ListVersionsByFunction List all versions of a function. List

function*

PublishVersion Publishes a version of your function from the current snapshot of $LATEST. Write

function*

PutFunctionConcurrency Adds concurrency limit to a Lambda function. Write

function*

RemovePermission You can remove individual permissions from an resource policy associated with a Lambda function by providing a statement ID that you provided when you added the permission. Permissions management

function*

TagResource Adds tags to a Lambda function. Write

function*

UntagResource Removes tags from a Lambda function. Write

function*

UpdateAlias Using this API you can update the function version to which the alias points and the alias description. Write

function*

UpdateEventSourceMapping You can update an event source mapping. Write
UpdateFunctionCode Updates the code for the specified Lambda function. Write

function*

UpdateFunctionConfiguration Updates the configuration parameters for the specified Lambda function by using the values provided in the request.
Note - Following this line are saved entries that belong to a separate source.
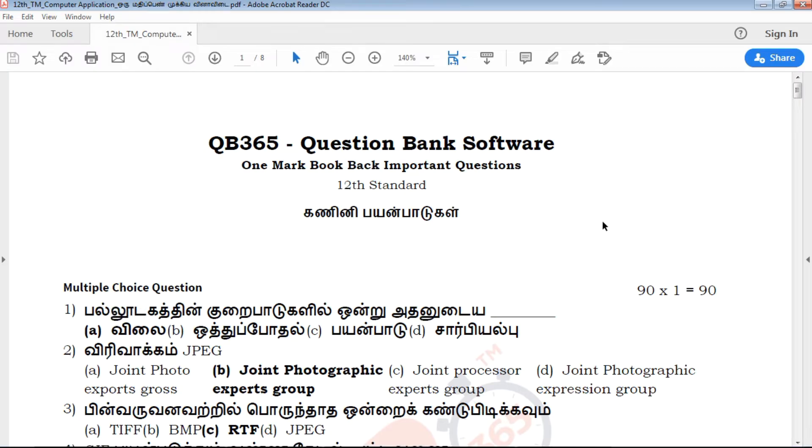Hi viewers, welcome to QB365. 12th standard, 1 mark book bag important questions.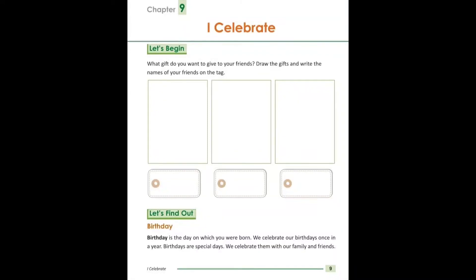Hello everyone, good morning to all. Dear student, in this video I will start a new chapter — chapter number 9: I Celebrate.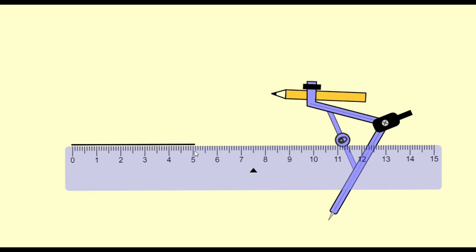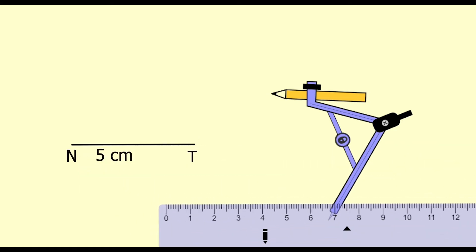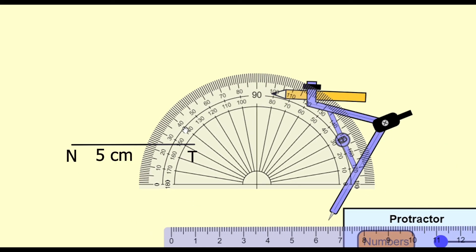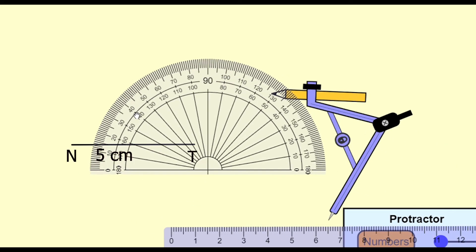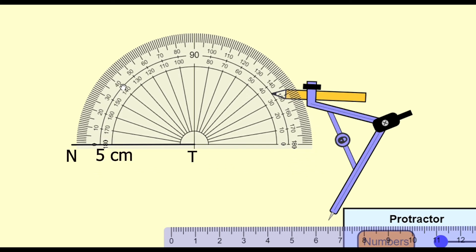Name this segment as segment NT — this is 5 centimeters, so write it down. Now with the help of the protractor, draw an angle of 40 degrees at T.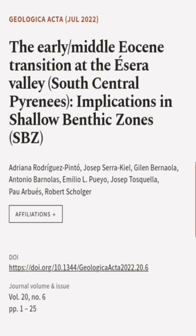This article was authored by Adriana Rodriguez-Pinto, Josep Sarakil, Gylan Bernayala, and others.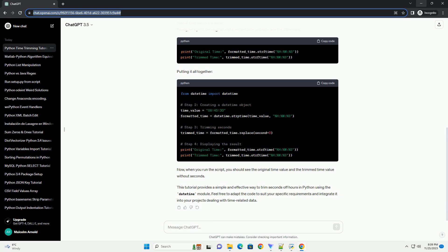Step 2: Creating a DateTime Object. Next, let's create a DateTime object representing a time value with hours, minutes, and seconds.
Write

function*

Resources Defined by Lambda

The following resource types are defined by this service and can be used in the Resource element of IAM permission policy statements. Each action in the Actions table identifies the resource types that can be specified with that action. A resource type can also define which condition keys you can include in a policy. These keys are displayed in the last column of the table. For details about the columns in the following table, see The Resource Types Table.

Resource Types ARN Condition Keys
function arn:${Partition}:lambda:${Region}:${Account}:function:${FunctionName}

Condition Keys for AWS Lambda

Lambda has no service-specific context keys that can be used in the Condition element of policy statements. For the list of the global context keys that are available to all services, see Available Keys for Conditions in the IAM Policy Reference.